Supplied data |
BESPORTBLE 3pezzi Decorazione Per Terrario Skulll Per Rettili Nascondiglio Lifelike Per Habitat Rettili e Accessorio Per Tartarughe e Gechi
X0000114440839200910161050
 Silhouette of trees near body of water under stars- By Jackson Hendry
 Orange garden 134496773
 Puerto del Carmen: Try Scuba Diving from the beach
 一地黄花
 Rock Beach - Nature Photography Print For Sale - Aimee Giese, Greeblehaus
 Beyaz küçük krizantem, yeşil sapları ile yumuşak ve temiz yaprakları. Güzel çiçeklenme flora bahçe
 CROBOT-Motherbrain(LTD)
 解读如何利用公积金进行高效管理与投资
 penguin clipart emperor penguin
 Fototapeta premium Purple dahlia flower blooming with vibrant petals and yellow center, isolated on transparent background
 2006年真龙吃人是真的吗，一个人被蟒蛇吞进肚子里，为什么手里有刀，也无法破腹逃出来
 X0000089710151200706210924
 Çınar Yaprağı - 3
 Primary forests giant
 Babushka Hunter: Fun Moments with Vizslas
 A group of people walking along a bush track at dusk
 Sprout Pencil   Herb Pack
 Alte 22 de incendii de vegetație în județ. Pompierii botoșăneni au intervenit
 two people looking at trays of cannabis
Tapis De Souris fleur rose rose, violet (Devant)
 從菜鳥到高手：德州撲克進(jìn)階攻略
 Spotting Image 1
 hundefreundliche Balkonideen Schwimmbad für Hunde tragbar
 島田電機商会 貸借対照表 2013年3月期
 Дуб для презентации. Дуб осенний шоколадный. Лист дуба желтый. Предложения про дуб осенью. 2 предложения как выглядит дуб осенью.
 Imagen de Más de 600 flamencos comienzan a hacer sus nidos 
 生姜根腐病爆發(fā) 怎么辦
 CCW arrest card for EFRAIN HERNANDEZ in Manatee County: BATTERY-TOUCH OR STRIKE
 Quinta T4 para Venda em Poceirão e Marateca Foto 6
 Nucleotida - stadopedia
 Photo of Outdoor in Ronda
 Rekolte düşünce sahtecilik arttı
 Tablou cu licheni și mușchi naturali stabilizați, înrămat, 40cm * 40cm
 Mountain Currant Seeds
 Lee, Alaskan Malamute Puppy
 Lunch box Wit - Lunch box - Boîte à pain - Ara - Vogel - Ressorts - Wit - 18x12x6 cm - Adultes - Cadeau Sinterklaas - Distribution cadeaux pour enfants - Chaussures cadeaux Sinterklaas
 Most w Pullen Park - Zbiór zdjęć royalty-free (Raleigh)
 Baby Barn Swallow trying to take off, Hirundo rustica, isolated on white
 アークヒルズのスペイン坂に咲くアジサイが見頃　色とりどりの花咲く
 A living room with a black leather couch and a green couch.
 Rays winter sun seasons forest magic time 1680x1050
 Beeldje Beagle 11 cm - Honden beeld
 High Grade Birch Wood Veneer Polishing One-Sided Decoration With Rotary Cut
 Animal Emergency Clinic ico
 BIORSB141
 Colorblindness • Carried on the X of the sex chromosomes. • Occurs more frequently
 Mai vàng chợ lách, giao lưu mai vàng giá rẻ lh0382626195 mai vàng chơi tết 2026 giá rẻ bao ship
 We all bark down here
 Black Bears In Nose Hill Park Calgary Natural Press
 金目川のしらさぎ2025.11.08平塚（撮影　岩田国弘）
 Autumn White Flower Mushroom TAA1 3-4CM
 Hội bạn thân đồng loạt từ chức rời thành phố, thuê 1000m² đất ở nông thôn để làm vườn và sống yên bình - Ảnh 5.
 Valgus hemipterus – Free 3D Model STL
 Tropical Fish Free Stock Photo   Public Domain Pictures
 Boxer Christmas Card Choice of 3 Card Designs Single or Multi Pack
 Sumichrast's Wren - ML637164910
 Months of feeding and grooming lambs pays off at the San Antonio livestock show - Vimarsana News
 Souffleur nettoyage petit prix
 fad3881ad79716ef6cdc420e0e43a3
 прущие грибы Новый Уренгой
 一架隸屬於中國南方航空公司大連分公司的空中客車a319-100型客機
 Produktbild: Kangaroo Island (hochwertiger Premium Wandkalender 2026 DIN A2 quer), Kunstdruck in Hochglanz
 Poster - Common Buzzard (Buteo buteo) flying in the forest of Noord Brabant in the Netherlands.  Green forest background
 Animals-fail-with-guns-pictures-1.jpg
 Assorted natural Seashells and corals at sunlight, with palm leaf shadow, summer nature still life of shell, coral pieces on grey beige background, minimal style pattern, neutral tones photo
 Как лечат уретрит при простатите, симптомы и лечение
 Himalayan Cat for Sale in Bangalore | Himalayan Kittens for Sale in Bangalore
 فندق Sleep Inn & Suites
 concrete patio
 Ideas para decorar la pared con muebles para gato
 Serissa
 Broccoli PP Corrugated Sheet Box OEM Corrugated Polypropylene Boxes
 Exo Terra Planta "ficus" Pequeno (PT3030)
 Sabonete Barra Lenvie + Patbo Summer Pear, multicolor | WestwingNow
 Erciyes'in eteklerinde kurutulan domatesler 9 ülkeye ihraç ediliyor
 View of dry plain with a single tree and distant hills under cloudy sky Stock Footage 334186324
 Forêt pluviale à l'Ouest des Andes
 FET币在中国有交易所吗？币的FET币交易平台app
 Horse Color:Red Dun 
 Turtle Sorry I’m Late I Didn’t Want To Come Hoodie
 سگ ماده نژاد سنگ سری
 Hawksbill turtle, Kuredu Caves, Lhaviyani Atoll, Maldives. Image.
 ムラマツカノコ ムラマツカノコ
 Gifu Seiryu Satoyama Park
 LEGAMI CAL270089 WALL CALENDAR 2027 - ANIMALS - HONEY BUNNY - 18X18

Work request |
Send back exactly the lines of the listing above starting at the one with "Fototapeta premium Purple" and ending at the one with "Rekolte düşünce sahtecilik arttı", inclusive, and no others.

Response for this exercise |
 Fototapeta premium Purple dahlia flower blooming with vibrant petals and yellow center, isolated on transparent background
 2006年真龙吃人是真的吗，一个人被蟒蛇吞进肚子里，为什么手里有刀，也无法破腹逃出来
 X0000089710151200706210924
 Çınar Yaprağı - 3
 Primary forests giant
 Babushka Hunter: Fun Moments with Vizslas
 A group of people walking along a bush track at dusk
 Sprout Pencil   Herb Pack
 Alte 22 de incendii de vegetație în județ. Pompierii botoșăneni au intervenit
 two people looking at trays of cannabis
Tapis De Souris fleur rose rose, violet (Devant)
 從菜鳥到高手：德州撲克進(jìn)階攻略
 Spotting Image 1
 hundefreundliche Balkonideen Schwimmbad für Hunde tragbar
 島田電機商会 貸借対照表 2013年3月期
 Дуб для презентации. Дуб осенний шоколадный. Лист дуба желтый. Предложения про дуб осенью. 2 предложения как выглядит дуб осенью.
 Imagen de Más de 600 flamencos comienzan a hacer sus nidos 
 生姜根腐病爆發(fā) 怎么辦
 CCW arrest card for EFRAIN HERNANDEZ in Manatee County: BATTERY-TOUCH OR STRIKE
 Quinta T4 para Venda em Poceirão e Marateca Foto 6
 Nucleotida - stadopedia
 Photo of Outdoor in Ronda
 Rekolte düşünce sahtecilik arttı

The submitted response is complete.